In the period from the late 1040s until the late 1060s the Seljuk Turks under the Sultan Alp Arslan (1063-1073) had made considerable inroads into formerly Byzantine territory in eastern Anatolia. As ruler of Iran, Iraq and northern Syria – nominally for the Abbasid Caliph in Baghdad – Arslan had faced a problem with his unruly Turkmen nomads, whose desire for further booty and conquests could not be accommodated within the Islamic world. And so he had released them against the Christian powers to the north and west, where they were soon able to bring the kingdom of Armenia under his sway – the capital, Ani, was sacked in 1064 – and mount yearly raids deep into imperial lands. Plundering and destroying as they went, sacking several major cities, they had soon created a situation which the regular armies of the empire were only with extreme difficulty able to contain. In a series of campaigns between 1068 and 1070 the emperor Romanos IV (1068-1071) had led his armies in an attempt to bring the Turks to battle and destroy their power, but had been thwarted by their mobility, small numbers, and the large number of incursions which they mounted. The Turks were able literally to ride circles around the much slower moving imperial forces which, as we have noted already, were no longer as well-led or as effective as in the heyday of the Byzantine reconquests under Basil II.
In the winter of 1070-1071 Romanos prepared another major expedition, directed against the Seljuk garrisons which had been placed in the Byzantine border fortresses at Khliat and Manzikert in the east. His intention was certainly to re-establish the frontier defences as far as he could, although whether he also hoped to meet Alp Arslan himself in battle is a moot point. For in March or April 1071, when his preparations were well advanced, the emperor proposed a treaty with the Turkish Sultan, who was engaged upon the siege of Edessa, by which the latter would abandon his siege and the former would return the city of Hierapolis (Manbidj) to the Sultan’s authority, taken by the emperor during his campaign in 1068. This would then enable the Sultan to resume his war with the Fatimid-controlled cities of Syria, in particular Aleppo, removing him from the scene in Asia Minor and leaving Romanos a free hand to reassert Roman authority over the region, and perhaps set up a defensive chain that would hinder or prevent future Turkmen raids. Romanos’s first offer of a truce was reinforced by a second embassy, which arrived at Aleppo in May, more or less demanding the exchange of the towns named in the first offer, and threatening war if no agreement was reached.

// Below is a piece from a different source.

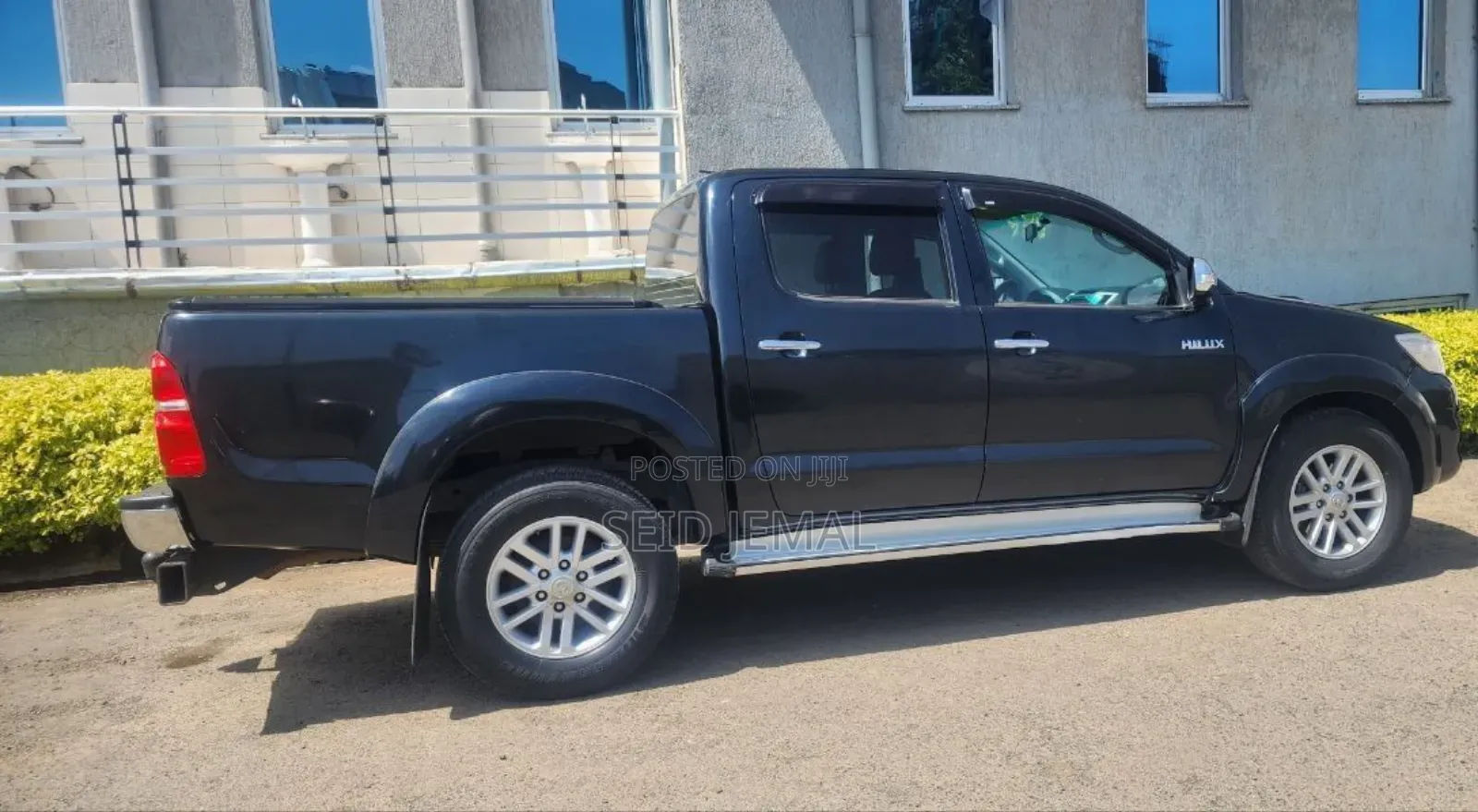 Toyota Hilux 2015 Matt Black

Romanos had already left Constantinople, and had begun mustering his troops in late February and March. By the time the Sultan received the second embassy, therefore, he must also have received news of the imperial advance towards his Armenian territories. Abandoning his negotiations with the governor of Aleppo, he seems precipitately to have headed back east, crossing the Euphrates with his own guards and a small retinue, to take command of the forces in Armenia and Mesopotamia and deal with the threat from Romanos.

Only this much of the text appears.